The once-venerable department store chain on Thursday reported a wider third-quarter loss than the prior-year period as sales continued to slide.

The results were the latest indication that revenue and operating performance at the iconic retailer continue to deteriorate, despite its efforts to get rid of underperforming stores, lessen its dependence on categories that are struggling in its shops and make money from its real estate footprint.

“In the movie ‘Titanic,’ there is a line where, realizing chaos is about to ensue, one character helpfully notes, ‘It’s starting to fall apart. We don’t have much time,’” Conlumino analyst Neil Saunders said. “Such a sentiment could well be applied to Sears. The analogy with ‘Titanic’ is also apt; not least because while Sears was once a titan of U.S. retail, it now looks set to sink.”

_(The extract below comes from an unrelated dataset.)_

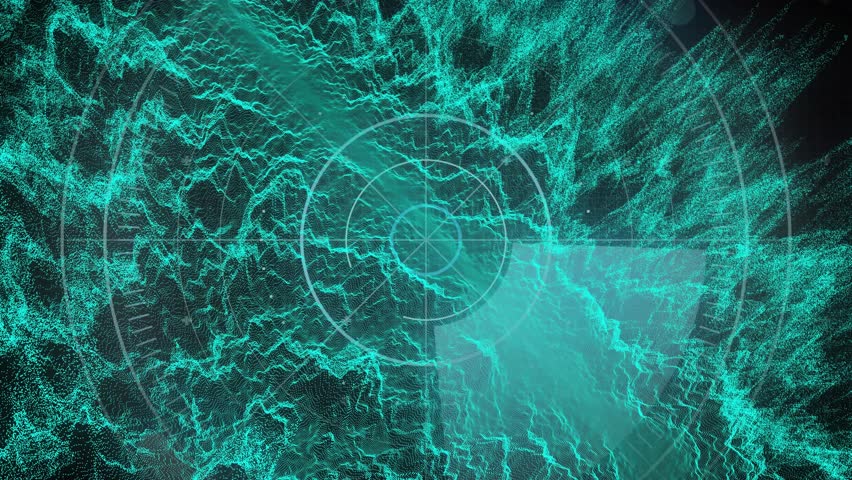 Teal particles rippling outward after center pulse, plume drifting inward to highlight radar grid. Abstract, generative, cyan, circles, glow, motion, digital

Sales at its established stores declined 7.4 percent, including a 4.4 percent dip at Kmart and a 10 percent drop at Sears.

In a news release outlining its results, Sears CEO Eddie Lampert reiterated that the company remains “fully committed to restoring profitability to our company.”

Sears, which has been selling off stores and other assets in search of becoming profitable, has raised roughly $ 9.4 billion 2012 through third quarter 2016. In May, it said it was exploring strategic alternatives for its Kenmore, Craftsman and DieHard brands, as well as its home services business, and said it is still evaluating opportunities.

At a national real estate conference in New York City this week, chatter swirled that late 2017 would be the earliest date Sears would file for bankruptcy, so that it could protect the $ 2.7 billion in assets it sold to Seritage Growth Properties and through joint venture deals last year.